# Alle möglichen Buchstabenkombinationen in einem String



## badmaxx (16. Jun 2009)

Hi@all,

ich bin auf der Suche nach ner Mögichkeit mir einen String mit belibiger Länge mit allen möglich Buchstabenkombinationen ausgeben zulassen.
Also wenn ich sage 3 Zeichen dann soll er mir
aaa
aab
aac
...
aba
abb
abc
...
baa
bab
bac
...
usw.
ausgeben.

Ich steh vor 2 Problemen:
1. Ich bin mir noch nich ganz sicher wie ich die Buchstaben hol.
Ich hab mir überlegt entweder über char und der Nummer des Character oder über ein CharArray des ich selber füll. Was haltet ihr für sinnvoller bzw. habt ihr ne bessere Idee?
2. Wie erstell ich den String? Bei der Frage steh ich grad komplett auf dem Schlauch 

Danke schonmal im Voraus!

Gruß Maxi


----------



## Marco13 (16. Jun 2009)

Hilft http://www.java-forum.org/codeschnipsel-u-projekte/81973-combinatorics.html ? Bei Fragen einfach bescheidfr..sagen.


----------



## badmaxx (16. Jun 2009)

danke schonmal hab zwar nach allem möglichen gesucht aber den beitrag hab ich nich gefunden!
werd mir des ganze morgen mal anschaun, weil mein hirn hat anscheinend grad beschlossen ins bett  zu gehn!


----------



## badmaxx (21. Jul 2009)

so bin jetz mal dazugekommen das ganze auszuprobieren!
leider zeigt er mir bei Zeile 128/129 an das die Zahl zu groß für einen int ist.
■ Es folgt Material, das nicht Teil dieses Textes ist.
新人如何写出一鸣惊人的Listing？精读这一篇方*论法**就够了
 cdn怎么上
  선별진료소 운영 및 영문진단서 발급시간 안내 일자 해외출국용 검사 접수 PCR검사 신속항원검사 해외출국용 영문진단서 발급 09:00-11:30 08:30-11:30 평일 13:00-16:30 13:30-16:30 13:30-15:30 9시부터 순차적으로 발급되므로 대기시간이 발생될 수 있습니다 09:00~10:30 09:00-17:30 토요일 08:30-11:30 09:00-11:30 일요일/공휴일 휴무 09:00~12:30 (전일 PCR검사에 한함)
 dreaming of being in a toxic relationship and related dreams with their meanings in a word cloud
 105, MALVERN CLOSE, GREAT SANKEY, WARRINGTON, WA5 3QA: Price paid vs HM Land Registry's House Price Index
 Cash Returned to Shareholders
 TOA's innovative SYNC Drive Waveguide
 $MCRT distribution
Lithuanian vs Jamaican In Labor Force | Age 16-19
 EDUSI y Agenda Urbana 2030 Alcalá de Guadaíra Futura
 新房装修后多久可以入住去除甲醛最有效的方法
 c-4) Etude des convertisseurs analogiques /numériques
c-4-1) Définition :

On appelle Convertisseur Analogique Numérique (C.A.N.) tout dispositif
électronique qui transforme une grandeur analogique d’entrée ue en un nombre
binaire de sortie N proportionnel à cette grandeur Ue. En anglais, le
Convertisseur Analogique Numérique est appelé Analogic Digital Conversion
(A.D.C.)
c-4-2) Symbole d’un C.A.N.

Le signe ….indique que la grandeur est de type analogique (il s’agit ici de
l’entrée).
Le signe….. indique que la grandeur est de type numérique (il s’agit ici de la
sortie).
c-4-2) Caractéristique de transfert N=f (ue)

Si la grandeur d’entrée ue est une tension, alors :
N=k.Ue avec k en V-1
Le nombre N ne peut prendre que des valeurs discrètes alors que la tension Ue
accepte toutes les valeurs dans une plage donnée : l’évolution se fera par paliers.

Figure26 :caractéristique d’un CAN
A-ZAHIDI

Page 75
Spinnt da meine IDE oder stimmt der Code nicht?


----------



## Marco13 (21. Jul 2009)

Nee, eigentlich sollte das so passen. Welche IDE hast du denn?


----------



## SchonWiederFred (21. Jul 2009)

Hast Du vielleicht die führenden Nullen aus Versehen gelöscht?
033333333333 und
33333333333 sind zum Beispiel zwei völlig verschiedene Werte.


----------



## badmaxx (21. Jul 2009)

nein sind noch dran aber er meckers mir immer noch an aber es läuft bin mir jetz aber ncih ganz sicher ob ich die stelle überhaupt brauch


----------



## Marco13 (22. Jul 2009)

Die wird glaubich nur bei PowerSet benötigt, kannst also die Methode und den PowerSetIterator rausnehmen


----------